Доктор Таттл вручила мне рецепты.
– Вот несколько рецептов. – Она подтолкнула ко мне корзинку с промаксетином. – Ой нет, подожди, это для обсессивно-компульсивных импотентов. Ты всю ночь будешь стоять на ушах. – Она отпихнула корзинку прочь. – Приходи через месяц.
Я взяла до дома кеб, отоварила в «Райт эйд» новые рецепты и пополнила запасы старых, купила упаковку «Скитлс», пошла домой, съела драже и остатки примидона и завалилась спать.
На следующий день явилась Рива, чтобы поныть насчет умирающей матери и пощебетать о Кене. Кажется, в это лето ее склонность к алкоголю усилилась. Она достала бутылку текилы «Хосе Куэрво» и банку диетического энергетика «Маунтин дью» из огромной новой сумки из зеленой кожи аллигатора, сногсшибательной подделки под «Гуччи».
– Хочешь текилы?
Я покачала головой.
У Ривы был интересный метод смешивать напитки. После каждого глоточка «Маунтин дью» она подливала в банку чуточку «Хосе Куэрво», заполняя объем, освободившийся после ее глотка, так что в конце концов она пила чистую текилу. Меня это восхищало. Я представляла себе соотношение «Маунтин дью» и «Хосе Куэрво» в банке, как от глотка к глотку менялась формула. На уроках алгебры в старших классах мы проходили парадокс Зенона, но я никогда толком не понимала его. Бесконечная делимость вещества, теория половинок, что там еще?.. Тревор как раз любил объяснять мне такие философские парадоксы. Он сидел в ресторане напротив меня, потягивал воду со льдом, бормотал что-то о сотых долях и, допустим, колебаниях цены на нефть, а его глаза сканировали что-то за моей спиной, словно подтверждая, что я тупая и скучная. Что кто-то получше меня мог встать из-за столика и отправиться попудрить носик.
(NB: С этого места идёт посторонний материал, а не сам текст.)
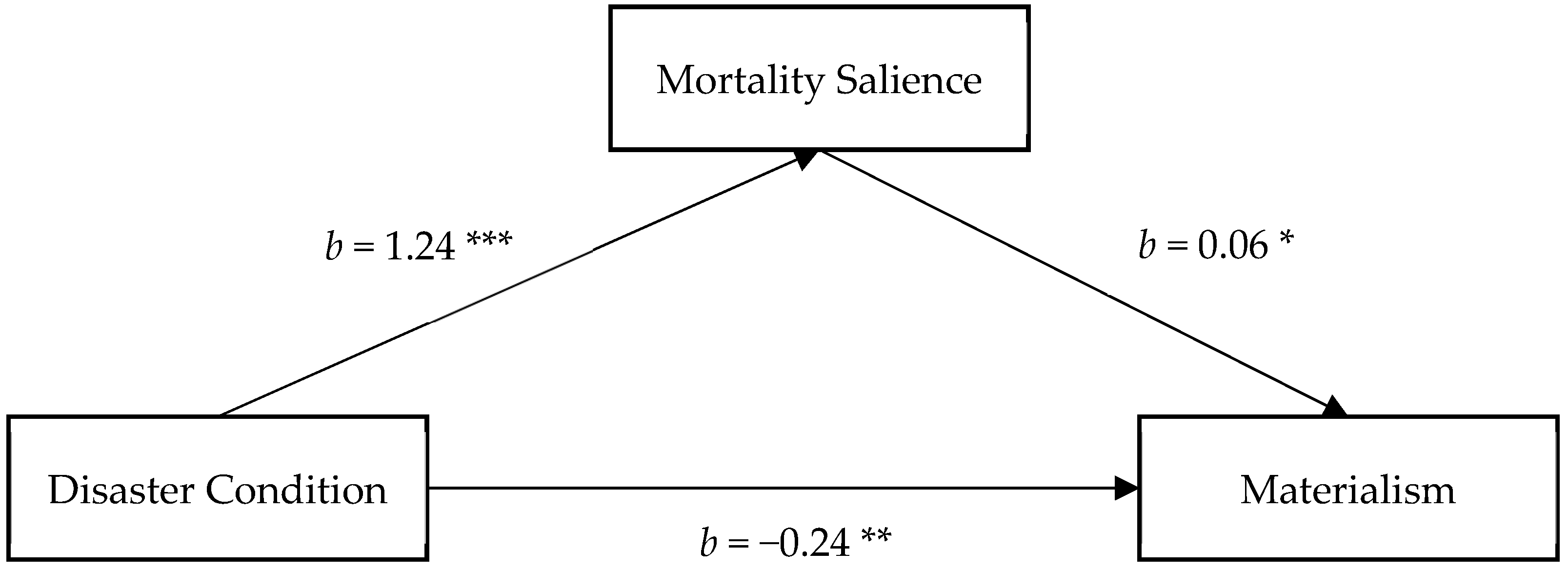 Ijerph 18 08566 g001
Мысль эта больно кольнула. Я все еще не могла усвоить, что Тревор скотина и неудачник. Мне не хотелось верить, что я могла опуститься до парня, который этого не заслуживал. Я все еще вязла в этой муре. Но была полна решимости избавиться от нее в процессе спячки.
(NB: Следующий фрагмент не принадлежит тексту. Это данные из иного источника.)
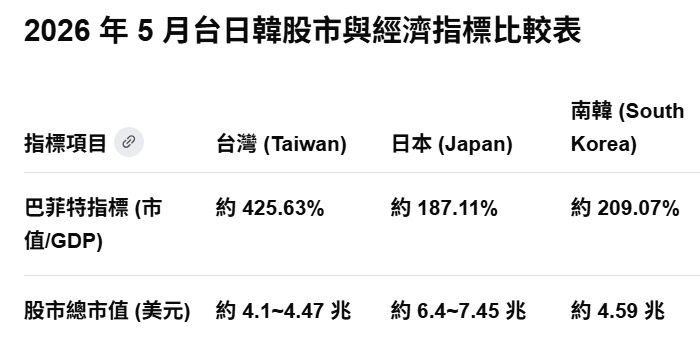 [請益] 目前的局勢 現金1000萬要怎麼放 - 股票 - PTT.BEST 批踢踢爆文 2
– До сих пор сходишь с ума по Тревору? – спросила Рива, прихлебывая свой «коктейль» из банки.
– По-моему, у меня опухоль, – ответила я. – В мозгу.
– Выброси Тревора из головы, – посоветовала Рива. – Ты обязательно встретишь кого-нибудь получше, если когда-нибудь выйдешь из квартиры. – Она потягивала свой напиток, подливая текилу, и распространялась на тему «это все твое упрямство», хотя «позитивный настрой мощнее, чем негативный, даже если они присутствуют в равных количествах».